Geoff Barton, General Secretary of the Association of School and College Leaders, said: “Schools work closely with the police to protect and educate their pupils, and in some cases, police officers are stationed in schools.
“Where appropriate, schools conduct searches and use metal detectors, and they implement robust disciplinary procedures against anyone found in possession of a weapon.”
The figures come amid a crackdown on knife crime in schools by some forces.
A recent inews team investigation has shown that at least one school child at every school in Britain is carrying a weapon. inews approached the nation’s most senior police officer to ministers, to discuss their disturbing findings; those in power insist they are well aware of the rise in knife crime and are taking steps – from a £500,000 Home Office fund for community projects to stationing police in hospitals – to tackle it.
However, during the inews team’s four-month investigation into knife crime in schools, they spoke to dozens of individuals from the communities affected from rural Wales to Surrey as well as Britain’s largest cities. The campaign groups for victims who deal with knife crime in schools suggested a few measures to be put in place which are badly needed to help tackle knife crime:
Anonymous reporting systems
A system where children can anonymously report about potential threats of children carrying weapons
Add it to the Curriculum
Every secondary school offers its’ pupils guidance on personal development. Teaching unions and Headteachers say this time should be used to deliver the message that informs them of the repercussions of carrying a knife; increases the risk of injury, death or imprisonment. But senior staff warn that schools often struggle to find room in the curriculum and the resources to drive home this lesson. One knife crime reduction charity, Word 4 Weapons, said that half of the schools where it offered to provide lessons responded that they had no budget to fund the initiative.
Make it compulsory
Campaigners and London Mayor, Sadiq Khan have said they would like to see it made compulsory for schools to have a plan to help prevent knife crime and support students and families in the event of an incident. The Ben Kinsella Trust, which works to reduce youth knife crime, said it would like to see the development of an adequate prevention plan introduced as one of the requirements for a school to pass its Ofsted inspection.

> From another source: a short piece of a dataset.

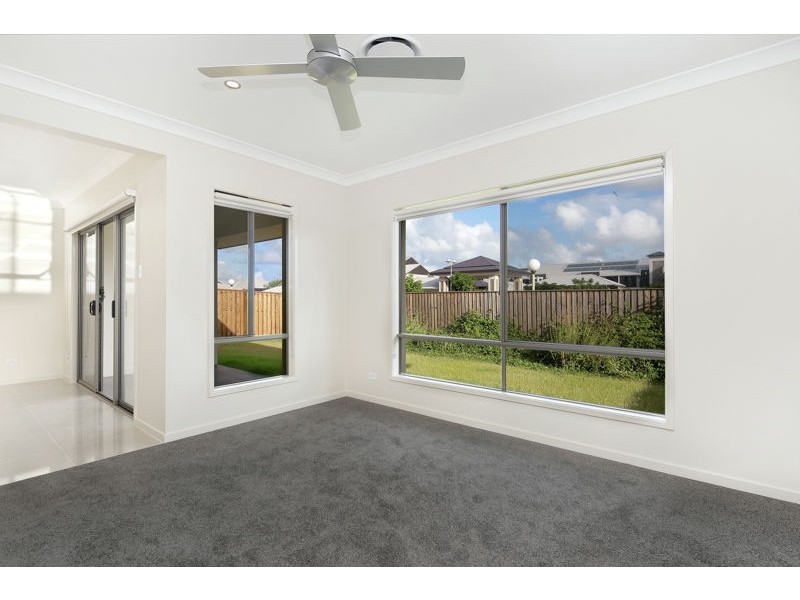 27 Keelson Crescent, Hope Island QLD 4212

Funding for youth services
Unison, the trade union, reported that nearly £387million was cut from the youth services budget between 2010 and 2016. Youth workers argue that these interventions with teenagers who are vulnerable to being persuaded to carry knives were vital in achieving a pattern which saw knife crime falling until 2011. They would like to see new financial resources that offer the same or similar services.
Police in schools
Since 2006, it has been Government policy to dedicate a police officer to schools in areas where there are problems with anti-social behaviour. The scheme was credited with halving crime within a 200m radius of participating schools. But austerity has had an impact on this scheme. In some places, such as London, the number of these Safer Schools Officers is increasing and Scotland Yard intends to have one such liaison officer for every secondary school in the capital. But elsewhere the picture is less positive. Research last year showed a 20% drop in the number of school-based officers and 13 forces have none at all. In Nottinghamshire, one school dipped into its own budget to fund an officer. Campaigners argue there is an urgent case for funding such schemes.